With respect to our liquidity, we ended the second quarter with a cash and investments balance of just over $63 million, up nearly $2 million from the end of the first quarter, highlighting our strong free cash flow conversion on our EBITDA for the quarter. Given our NOLs, strong cash balance and anticipated lower capital needs going forward, we continue to expect a high EBITDA to free cash flow conversion rate.

At June 30, our debt obligation associated with the resolution of our MPSV litigation remains at $20 million, with annual payments of approximately $1.7 million beginning on December 31, 2024. Our cash balance and the long duration of our debt puts us in a strong liquidity position and provides us ample flexibility to pursue our growth objectives.

And finally, turning to our earnings outlook and capital requirements for 2024. As Richard discussed, we are lowering our guidance for our Services division to a range of $11 million to $13 million, down from our prior target of $14 million. The reduction is due primarily to delays in the timing of project opportunities for our Spark Safety business line and incremental investment spending on growth initiatives. The balance of our guidance remains unchanged.

For our Fabrication division, we continue to expect 2024 adjusted EBITDA of approximately $8 million, which assumes year-over-year growth in our small-scale fabrication business.

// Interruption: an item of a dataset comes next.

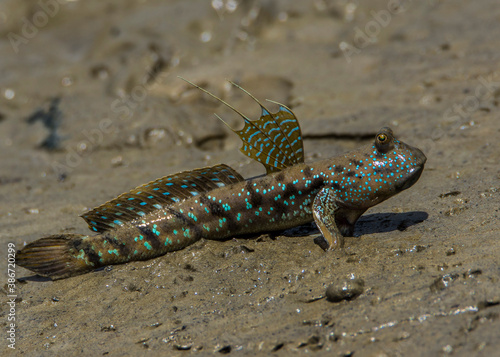 Canvas Print Yellow spotted mudskippers Periophthalmus walailakae in Borneo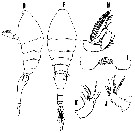 Species Monothula subtilis - Plate 7 of morphological figures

The adjusted EBITDA forecast continues to exclude the potential benefit of any large project award and excludes a gain of $2.9 million from our property sale in the first quarter. And for our Corporate division, we continue to expect an EBITDA loss for 2024 of approximately $8 million.

With respect to our capital requirements, our capital spending plans for 2024 are consistent with our previous expectations, with full year capital expenditures anticipated to be approximately $5 million to $5.5 million, of which approximately $1.5 million to $2 million is forecasted for the remainder of the year.

This concludes our prepared remarks. Operator, you may now open the line for questions.

Operator

[Operator Instruction] The first question is from Martin Malloy with Johnson Rice.

M
Martin Malloy
analyst

I wanted to ask about the plug and abandonment opportunities here. And I know you all have done work in the past on plug and abandonment. Could you maybe talk about the addressable market, how that increases with the CES business? And I guess any additional information about what exactly you all are doing out there and if you're partnering with other companies that do downhole or commercial diving to provide a one-stop shop solution.

R
Richard Heo
executive

That's a good question, Marty. It's really the whole kind of practices of plug and abandonment. But our portion is pretty simple and it has been in the past. It's predominantly the decommissioning activity, where we get that asset safe and start taking the structure down. And our scope in the past has been predominantly on the dismantling of the asset.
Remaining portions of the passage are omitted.